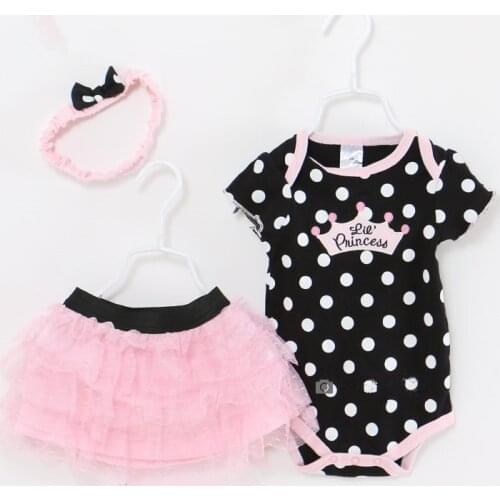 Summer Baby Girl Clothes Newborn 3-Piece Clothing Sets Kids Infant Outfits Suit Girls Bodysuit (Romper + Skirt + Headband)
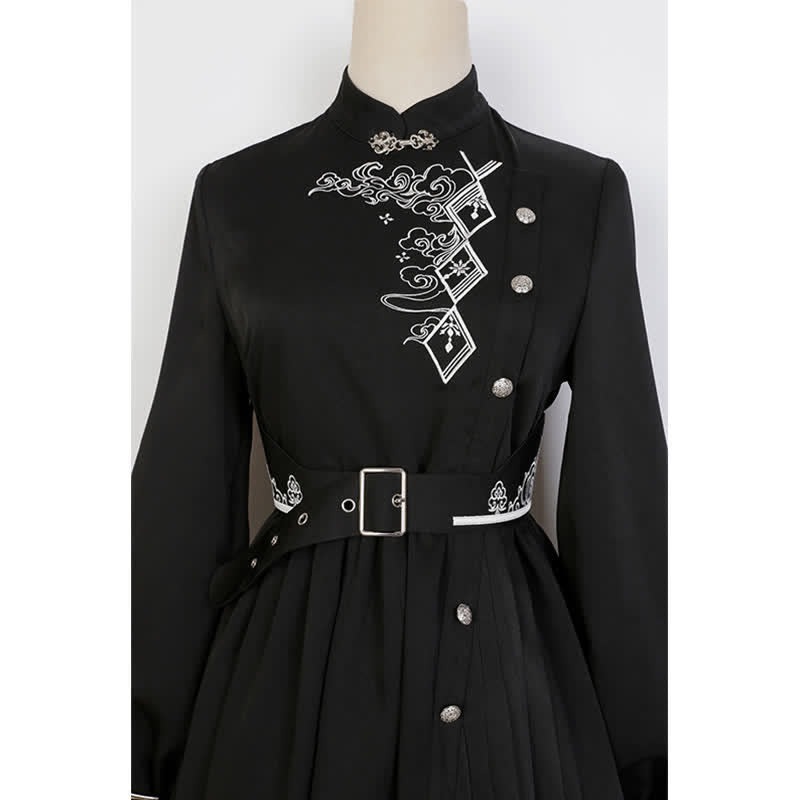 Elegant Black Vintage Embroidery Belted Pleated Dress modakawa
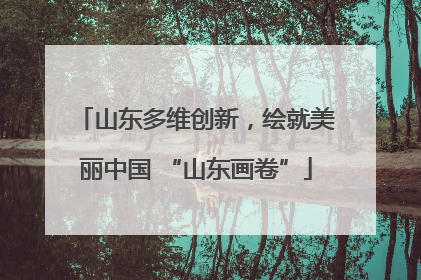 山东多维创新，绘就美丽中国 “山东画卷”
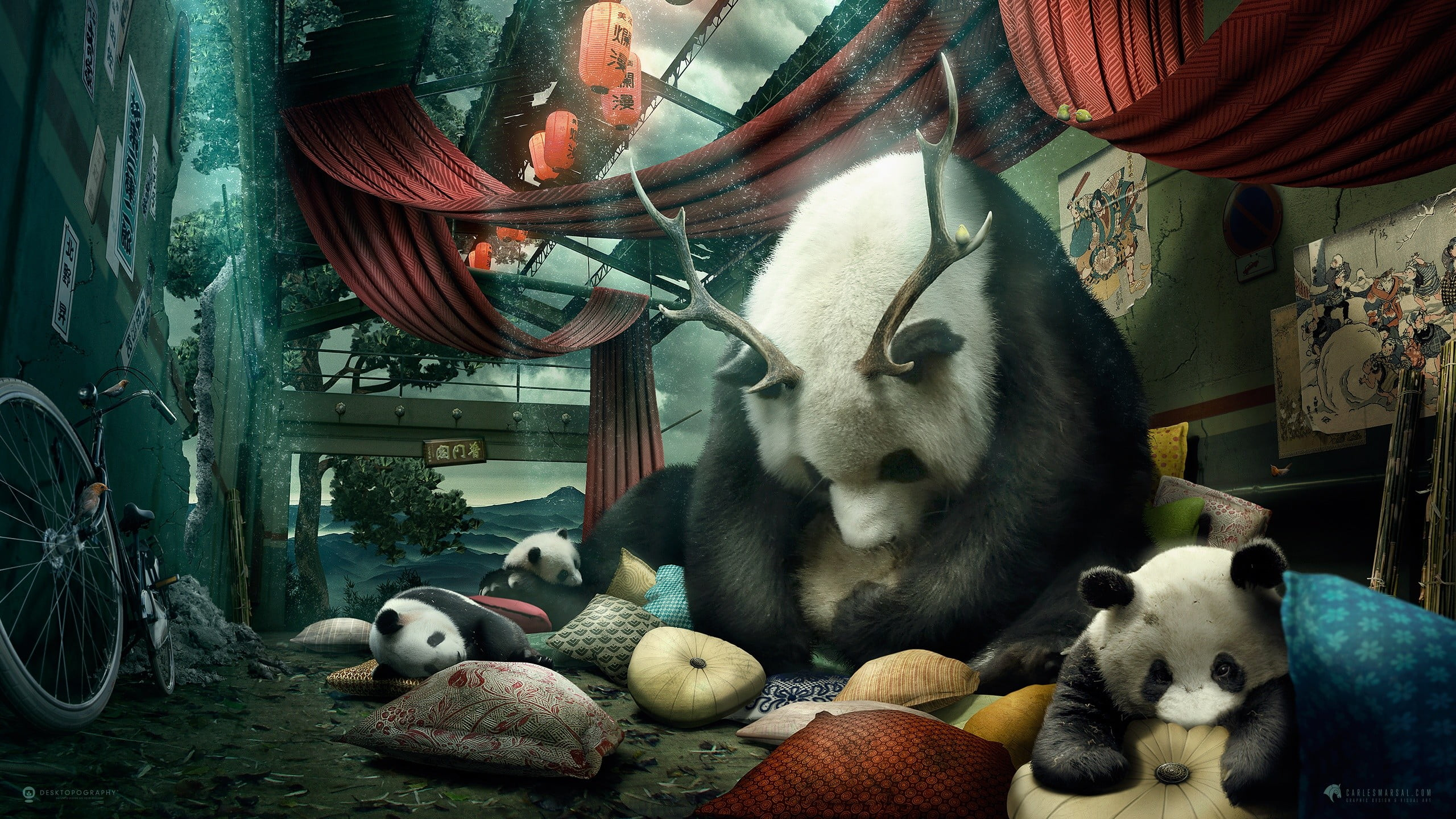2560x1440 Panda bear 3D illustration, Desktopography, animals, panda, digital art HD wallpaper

** Exercise description **
The preceding listing is to be restated word for word, with every picture omitted.

** Answer to this exercise **
 Summer Baby Girl Clothes Newborn 3-Piece Clothing Sets Kids Infant Outfits Suit Girls Bodysuit (Romper + Skirt + Headband)
 Elegant Black Vintage Embroidery Belted Pleated Dress modakawa
 山东多维创新，绘就美丽中国 “山东画卷”
2560x1440 Panda bear 3D illustration, Desktopography, animals, panda, digital art HD wallpaper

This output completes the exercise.